Joey Stiebing

Biographical details
- Born: August 11, 1961 (age 64)

Coaching career (HC unless noted)
- 1982–1984: LSU (student assistant)
- 1984–1986: Archbishop Shaw High School (assistant)
- 1986–1990: Archbishop Shaw High School
- 1990–1997: New Orleans (assistant)
- 1997–2001: New Orleans
- 2003–2007: Qatar
- 2007–2010: Loyola University New Orleans (assistant)
- 2010–2015: Sichuan Blue Whales
- 2015–2018: Southeastern Louisiana (special assistant)

Head coaching record
- Overall: 57–58 (.496)

Accomplishments and honors

Championships
- Chinese National Basketball League (2013)

Awards
- Sun Belt Coach of the Year (2001)

= Joey Stiebing =

American basketball coach (born 1961)

Joey Stiebing (born August 11, 1961) is a former American basketball coach. He was formerly the head coach for the New Orleans Privateers.

==Coaching career==
Stiebing started his career as a student assistant for the LSU Tigers.

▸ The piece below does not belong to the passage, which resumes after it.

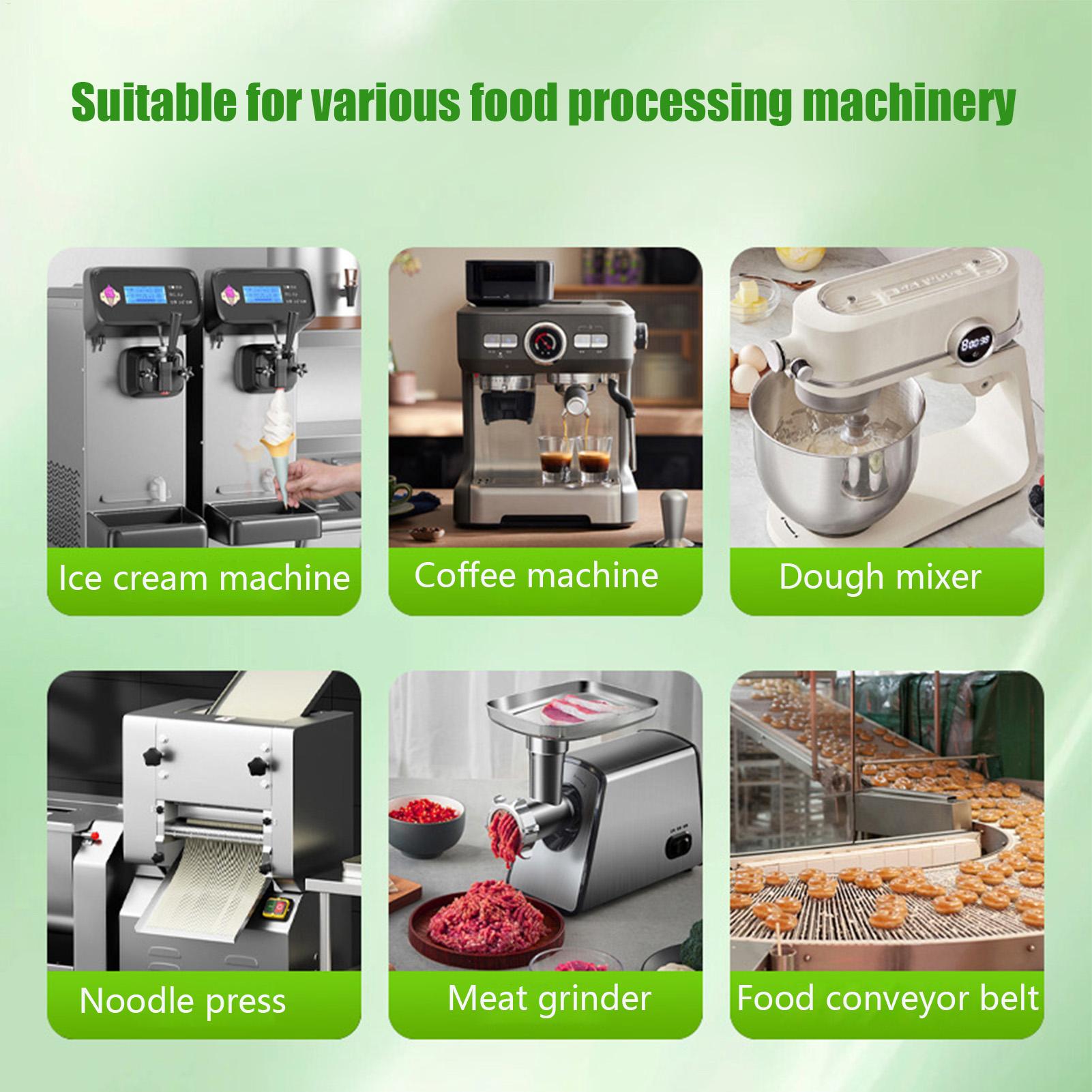 Voedselveilig 113g vet Multifu - Kitchen Appliances Sales recensie en prijs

Next he would serve as an assistant coach for Archbishop Shaw High School, where he was promoted to head coach in 1990. Then he would get a job at the University of New Orleans as an assistant coach for the Privateers, a position he held for seven years. On April 8, 1997, he was promoted to be the next head coach for New Orleans. He served as their head coach for four years, compiling a 57–58 record and winning the Sun Belt Coach of the Year in 2001. However, on March 12, 2001, Stiebing was fired by New Orleans. His next stop would be the Qatar men's national team, where he would coach for four years. Next he would become an assistant coach for Loyola University New Orleans. Then the head coach for the Sichuan Blue Whales in China, leading them to a Chinese National Basketball League (NBL) title in 2013 and promotion to the first-tier Chinese Basketball Association. Then he would be hired as a special assistant for the Southeastern Louisiana Lions.

==Personal life==
Stiebing earned his BS in distributive education at Louisiana State University in 1985 before earning his MEd degree in curriculum and instruction from the University of New Orleans in 1996.